Ce sur quoi nous ne sommes pas d'accord, et vous le savez très bien, c'est qu'on ne peut pas à la fois déclarer le PARE et ne pas mettre des moyens pour le faire, dire qu'on veut accompagner les chômeurs et prévoir qu'ils peuvent accepter n'importe quel emploi. (Exclamations sur les mêmes bancs.)
M. Jean-Paul Charié. C'est le contraire ! Relisez l'article 17 !
Mme la ministre de l'emploi et de la solidarité. Je lis l'article 17, mais les textes sont les textes ! (Exclamations sur les mêmes bancs.)
M. Jean-Paul Charié. Alors, nous n'avons pas le même texte !
Mme la ministre de l'emploi et de la solidarité. «Au bout de six mois, le salarié privé d'emploi doit accepter les propositions d'embauche qui correspondent à ses capacités professionnelles.» (Exclamations sur les mêmes bancs.)
Plusieurs députés du groupe du Rassemblement pour la République. Alors ?
Mme la ministre de l'emploi et de la solidarité. Vous dites que les Français sont choqués, monsieur Barrot, mais qui est choqué ? Croyez-vous que les Français qui cotisent pour le jour où ils seront licenciés ne seraient pas choqués si on proposait à un agent de maîtrise un poste de manoeuvre (Protestations sur les mêmes bancs), si on proposait à un ouvrier qualifié un emploi non qualifié ? (Exclamations sur les mêmes bancs.)
M. le président. Je vous en prie, mes chers collègues !
Mme la ministre de l'emploi et de la solidarité. Eh bien, c'est ce qui est écrit dans ce texte ! (Applaudissements sur les bancs du groupe socialiste et sur de nombreux bancs du groupe communiste et du groupe Radical, Citoyen et Vert. - «Hou !» sur les bancs du groupe du Rassemblement pour la République, du groupe de l'Union pour la démocratie française-Alliance et du groupe Démocratie libérale et Indépendants.) Si les signataires ne veulent pas de cela, qu'ils retirent cette disposition. C'est bien pourquoi je les rencontre actuellement...
M. Patrick Devedjian.

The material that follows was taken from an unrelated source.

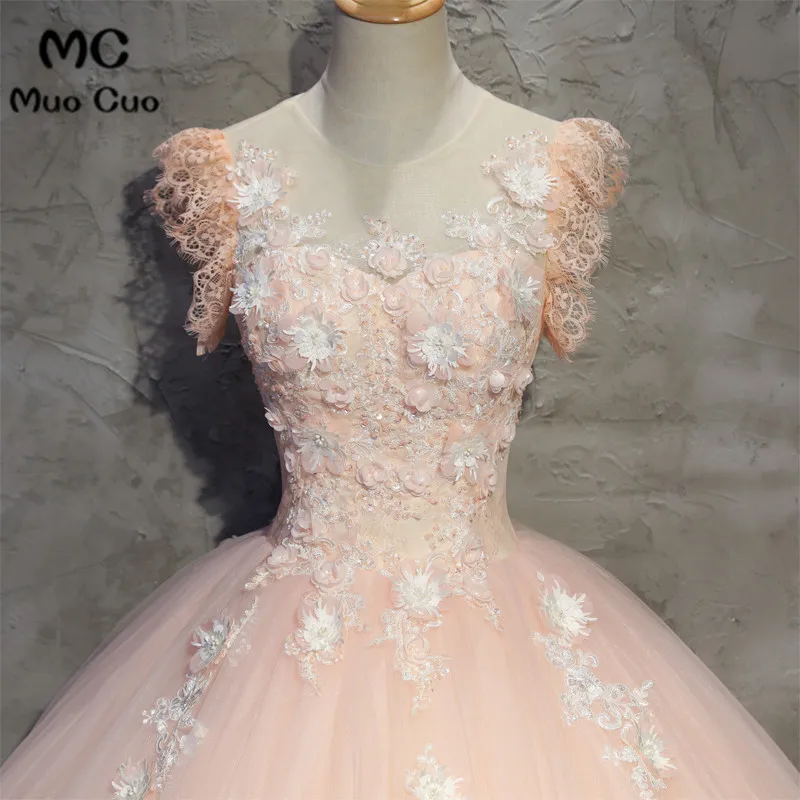 Peach Quinceanera Dresses Puffy Tulle With Lace Vestidos De 15 Anos Sweet 16 Dresses Ball Gown Debutante (2)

Vous n'y croyez pas vous-même !
Mme la ministre de l'emploi et de la solidarité. ... et je suis convaincue que, si vous lisez attentivement le texte, vous serez d'accord avec moi. (Applaudissements sur les bancs du groupe socialiste, du groupe communiste et du groupe Radical, Citoyen et Vert. - Protestations sur les bancs du groupe du Rassemblement pour la République, du groupe de l'Union pour la démocratie française-Alliance et du groupe Démocratie libérale et Indépendants.)